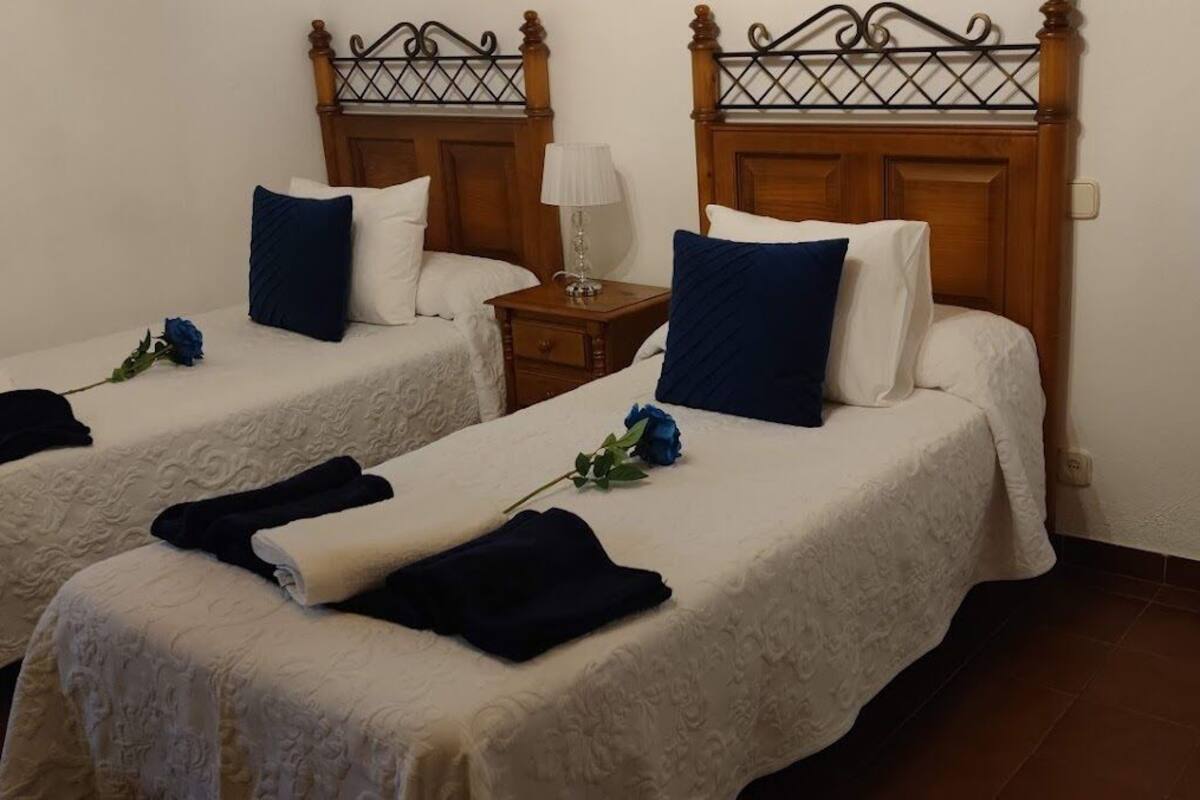 Quarto de hotel com duas camas de solteiro, cada uma com almofada azul e edredom branco. Pequeno criado-mudo com abajur e um vaso com uma única rosa vermelha. Uma mesa branca com um vaso contendo uma única rosa azul também é visível.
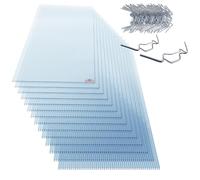 GARDEBRUK® 14x Plaques de polycarbonate creux 4mm 121x60,5cm 50 clips vitrage serre de jardin 10,25m² résistant UV double paroi isolante alvéolaire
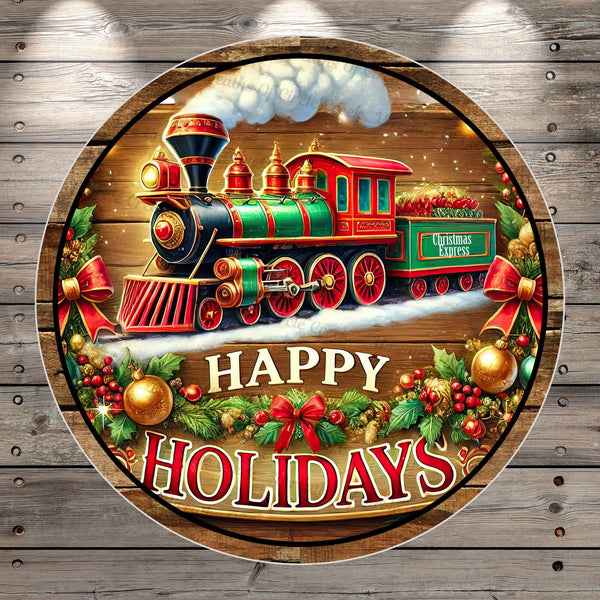 Christmas Train, Happy Holidays, Christmas Express, Green, Red, Faux Wood, Light Weight, Metal, Wreath Sign, No Holes In Sign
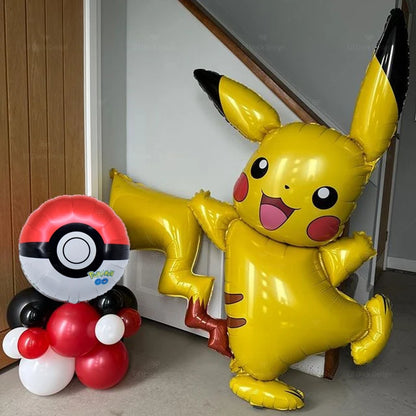 1set Cartoon Pokemon Pikachu Theme Foil Balloons Set Red Black Latex Balloon Kids Birthday Baby Shower Party Decora Supplies Beauty World Shop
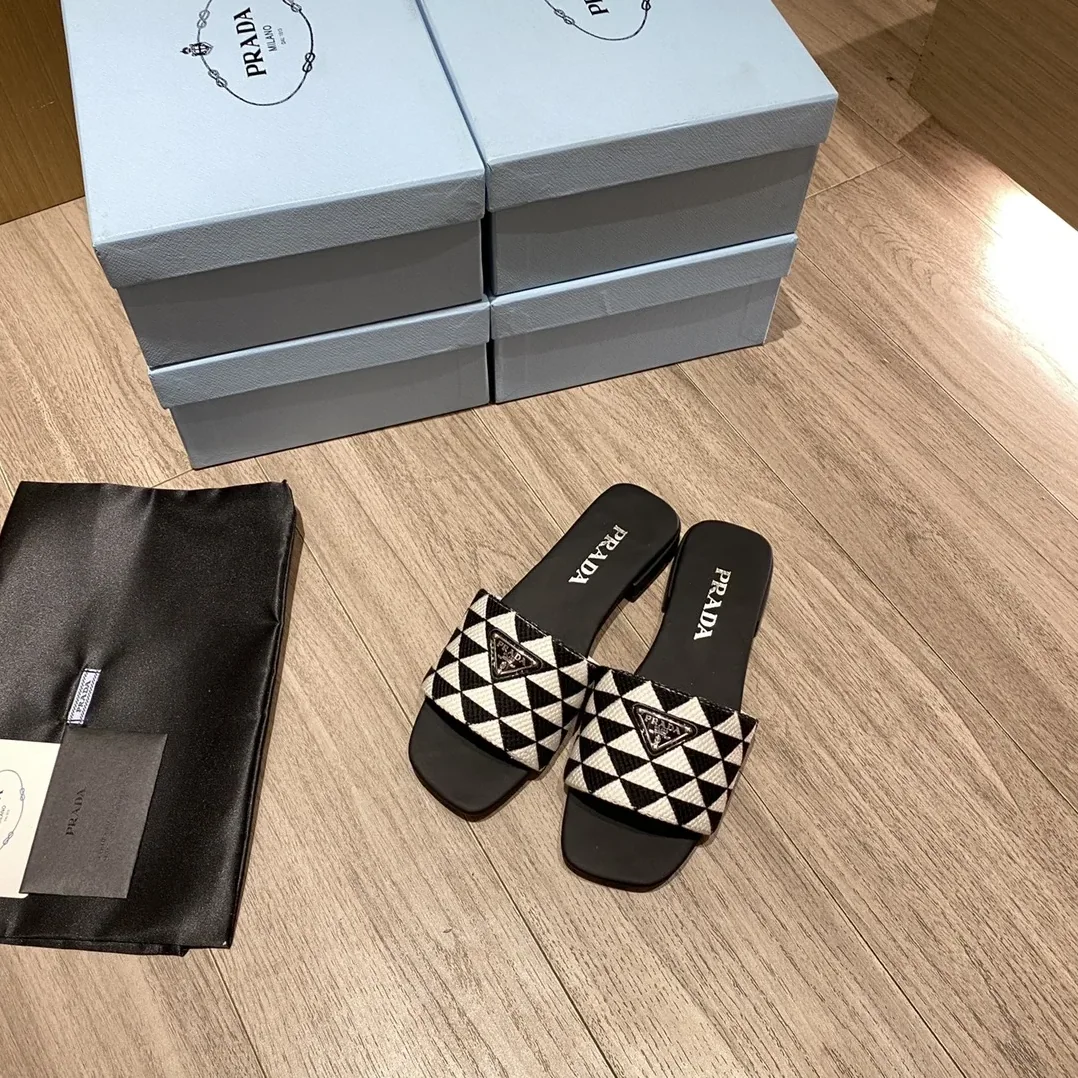 Prada Embroidered Fabric Slides Black in White / PRD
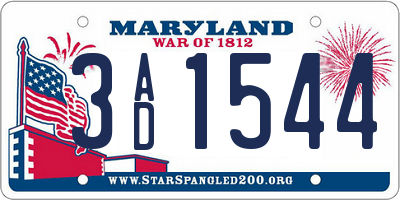 MD license plate 3AD1544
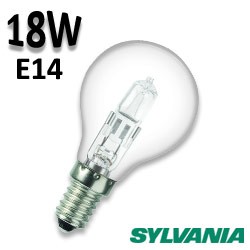 Ampoule sphérique claire 18W E14 230V Eco halogene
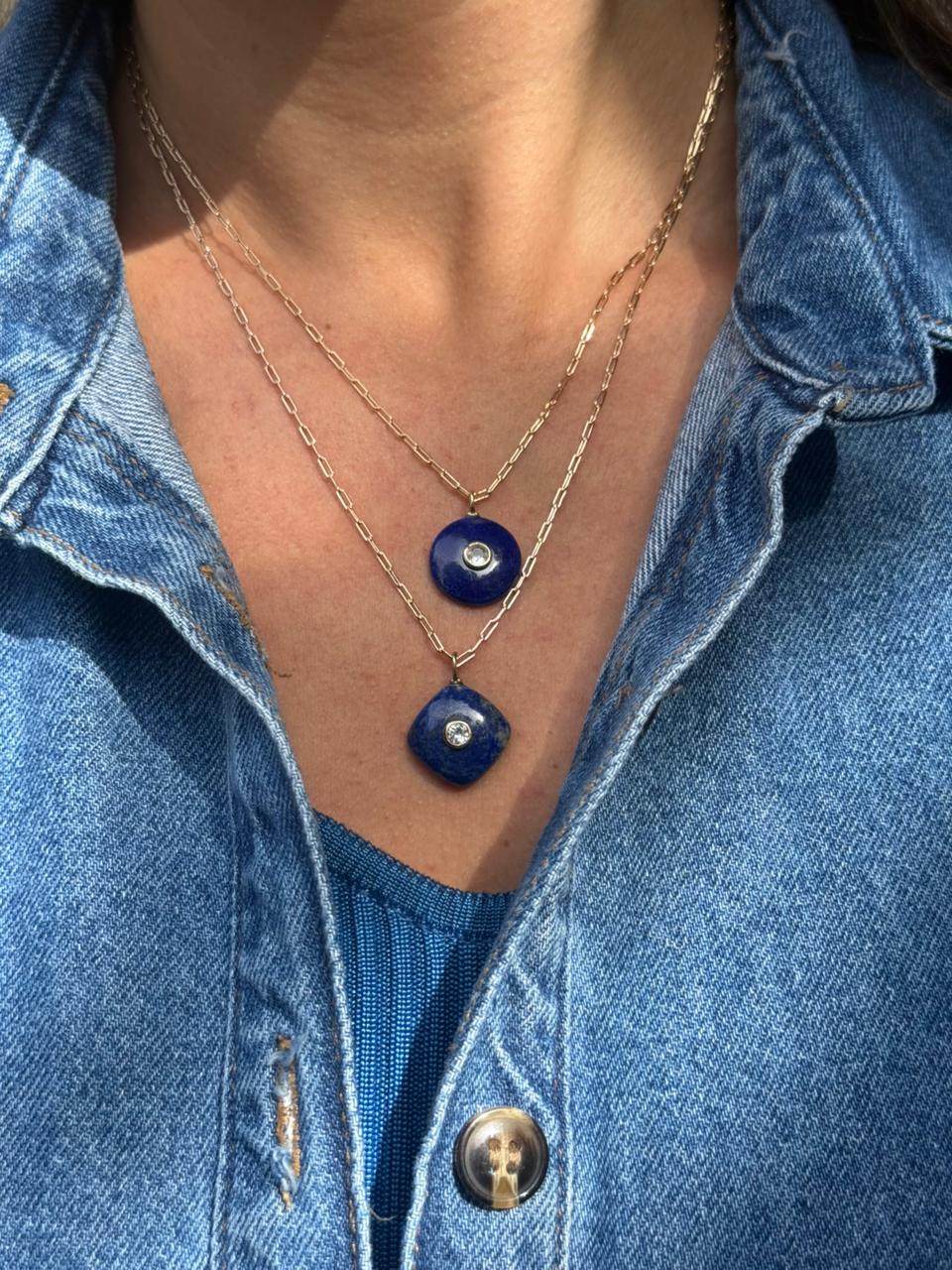 Colar Lapis Lazuli Shine Redondo Ouro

———

**Exercise description:**
Copy the records above exactly, omitting every picture.

**Answer area:**
 Quarto de hotel com duas camas de solteiro, cada uma com almofada azul e edredom branco. Pequeno criado-mudo com abajur e um vaso com uma única rosa vermelha. Uma mesa branca com um vaso contendo uma única rosa azul também é visível.
 GARDEBRUK® 14x Plaques de polycarbonate creux 4mm 121x60,5cm 50 clips vitrage serre de jardin 10,25m² résistant UV double paroi isolante alvéolaire
 Christmas Train, Happy Holidays, Christmas Express, Green, Red, Faux Wood, Light Weight, Metal, Wreath Sign, No Holes In Sign
 1set Cartoon Pokemon Pikachu Theme Foil Balloons Set Red Black Latex Balloon Kids Birthday Baby Shower Party Decora Supplies Beauty World Shop
 Prada Embroidered Fabric Slides Black in White / PRD
 MD license plate 3AD1544
 Ampoule sphérique claire 18W E14 230V Eco halogene
 Colar Lapis Lazuli Shine Redondo Ouro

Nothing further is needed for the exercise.